I tried with the Euler substitution.I wrote that $\sqrt{x^{2}+x+1}=x+t$ and I got $x=\frac{t^{2}-1}{1-2t}$.I replaced this x in the initial integral and also I replaced dx with x' but I get an ugly result.

The same I get for $$\int \frac{1}{1+\sqrt{x^{2}+2x+2}}dx$$

For the second integral I get $x=\frac{t^{2}-2}{2-2t}$ but when I replace x in the integral I get some ugly result.

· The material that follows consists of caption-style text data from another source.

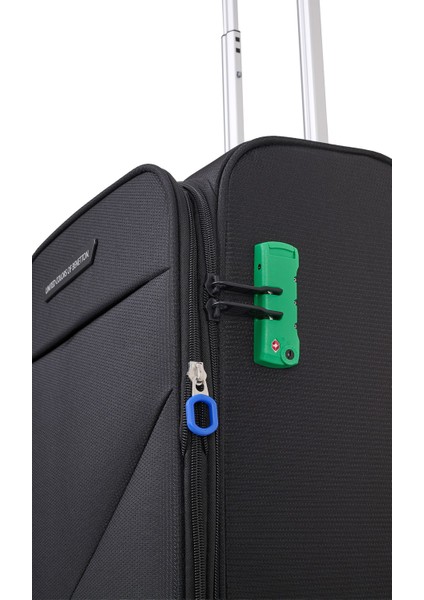 Benetton Ekstra Hafif Lüx Kumaş 8 Tekerlekli Kabin Boy Valiz modelleri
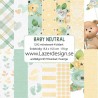 Lazer Design Pappersblock "Baby Neutral" 15,5x15,5
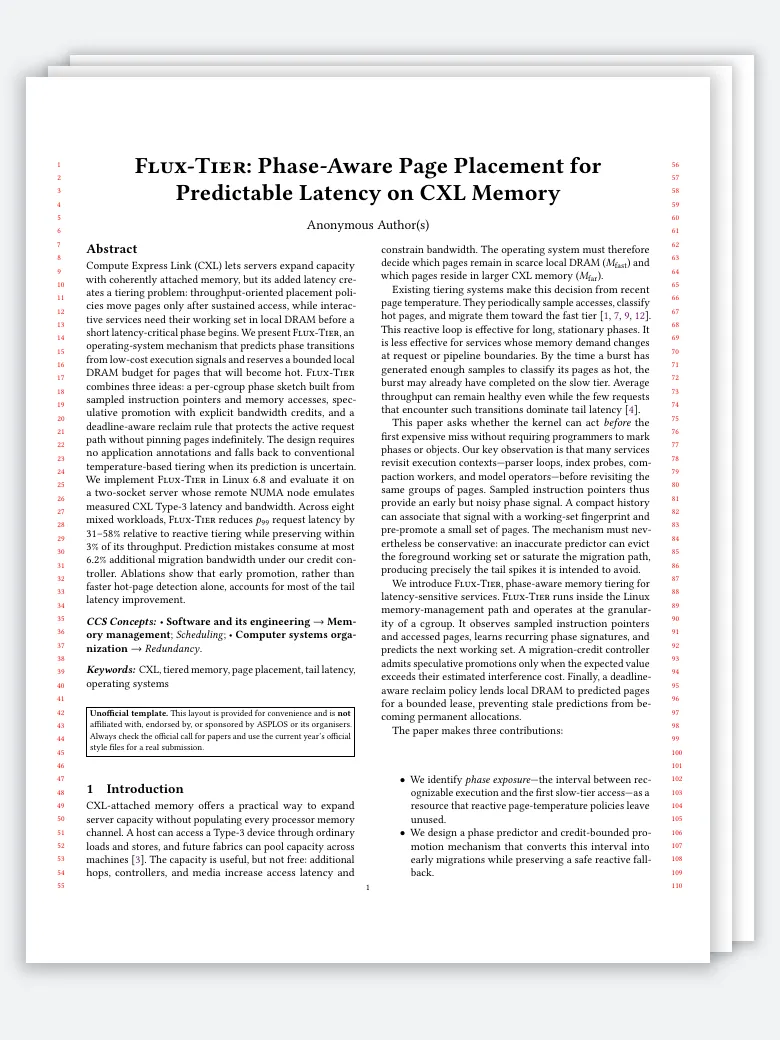 ASPLOS Research Paper preview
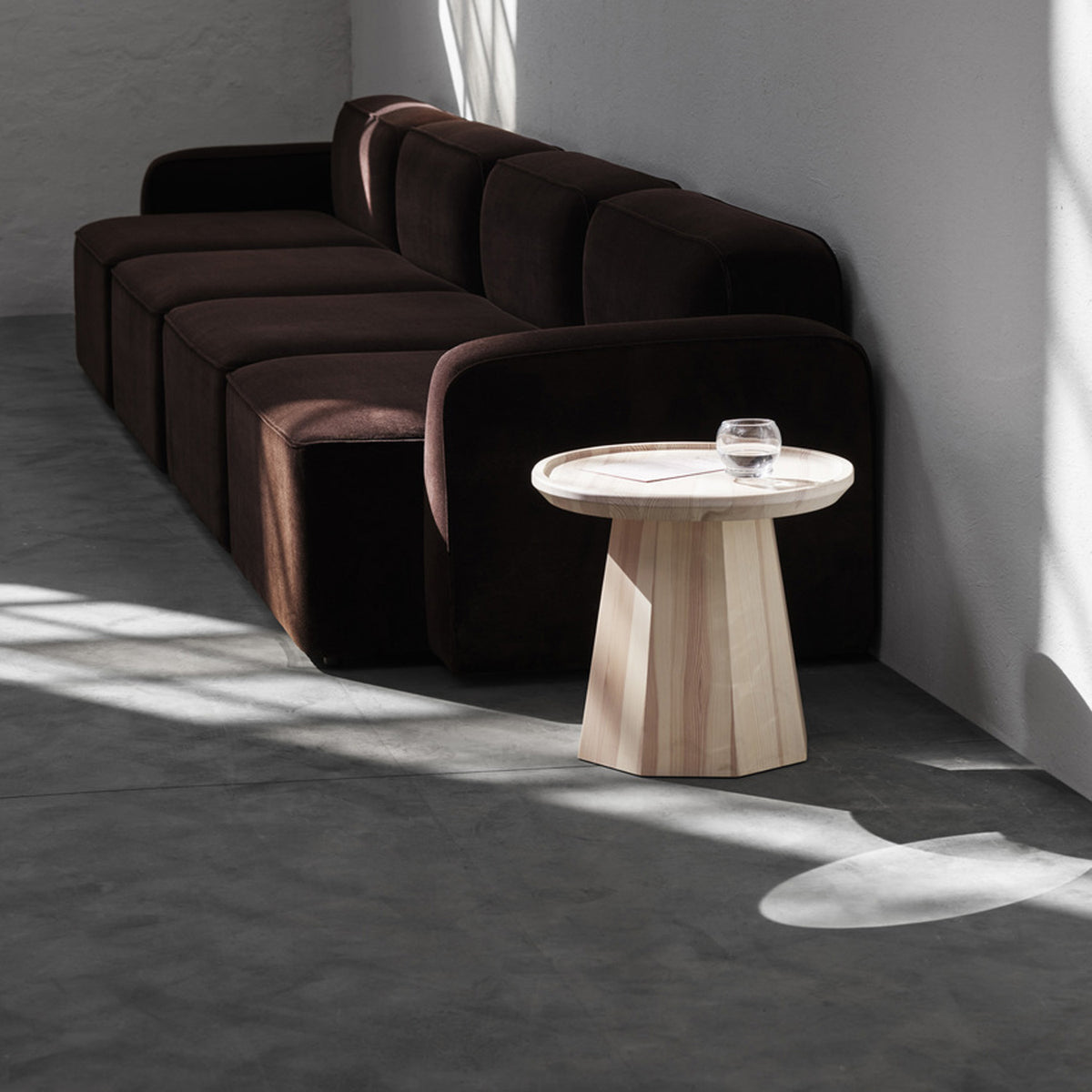 Rope Modular Sofa 300 Wide Left Armrest by Normann Copenhagen, showing rope modular sofa 300 wide left armrest in live shot.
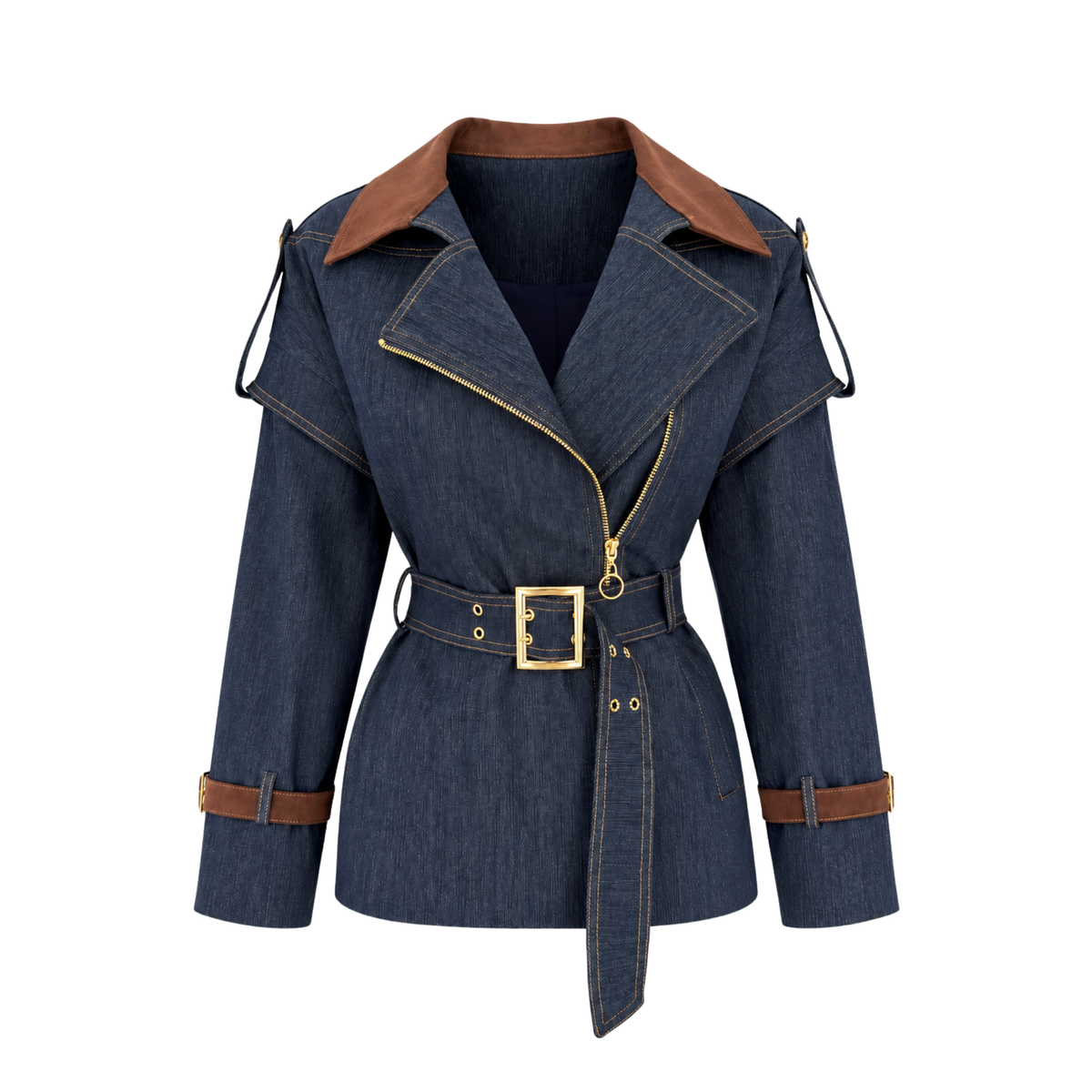 The Rivet Noir Denim Set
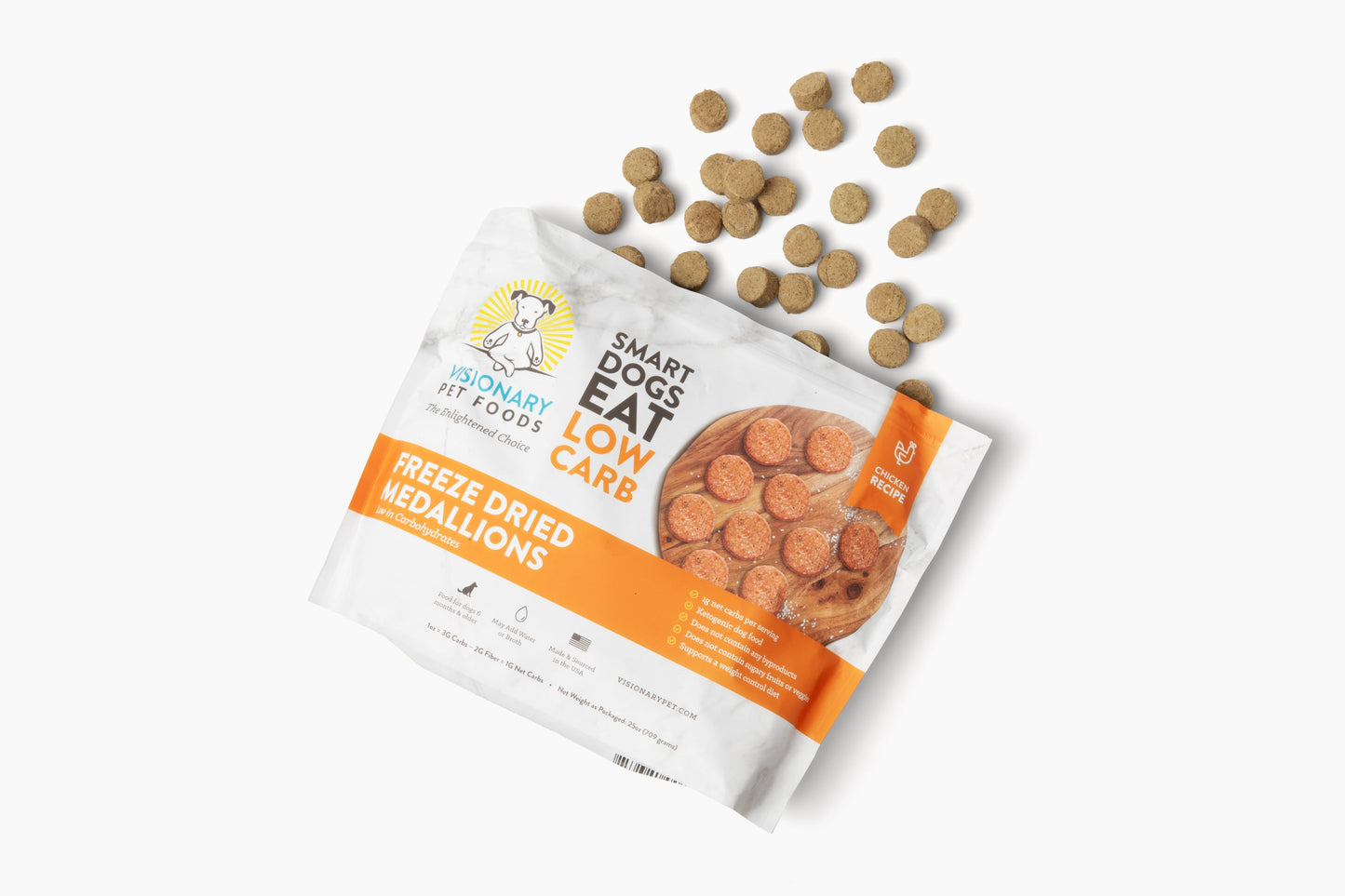 Freeze Dried Food| - Chicken Recipe | 25oz Bag - Dog Food - Visionary Pet Foods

How to approach these integrals?

Answer 1

Using Euler substitution as you did, I suppose that you did not simplify enougth since $$ \frac{dx}{(1+x)\sqrt{x^{2}+x+1}}=-2\frac{ \text{sgn}(1-2 t)}{(t-2) t}\,dt$$

Answer 2

A simpler method for $I_1$ is to take $$x+1=1/t \implies dx= -t^{-2}dt \implies I_1= \int \frac{-dt}{\sqrt{t^2-t+1}}=\sinh ^{-1} \frac{3t-1}{\sqrt{3}}= \sinh^{-1} \frac{2-x}{\sqrt{3}(x+1)}+C$$

Answer 3

For the first integral make the substitutions $$x+\frac{1}{2}=\frac{\sqrt 3}{2}\tan t$$and then $$u=\tan \ (\frac {t}{2})$$. For the second integral make the substitution $x+1=\tan t$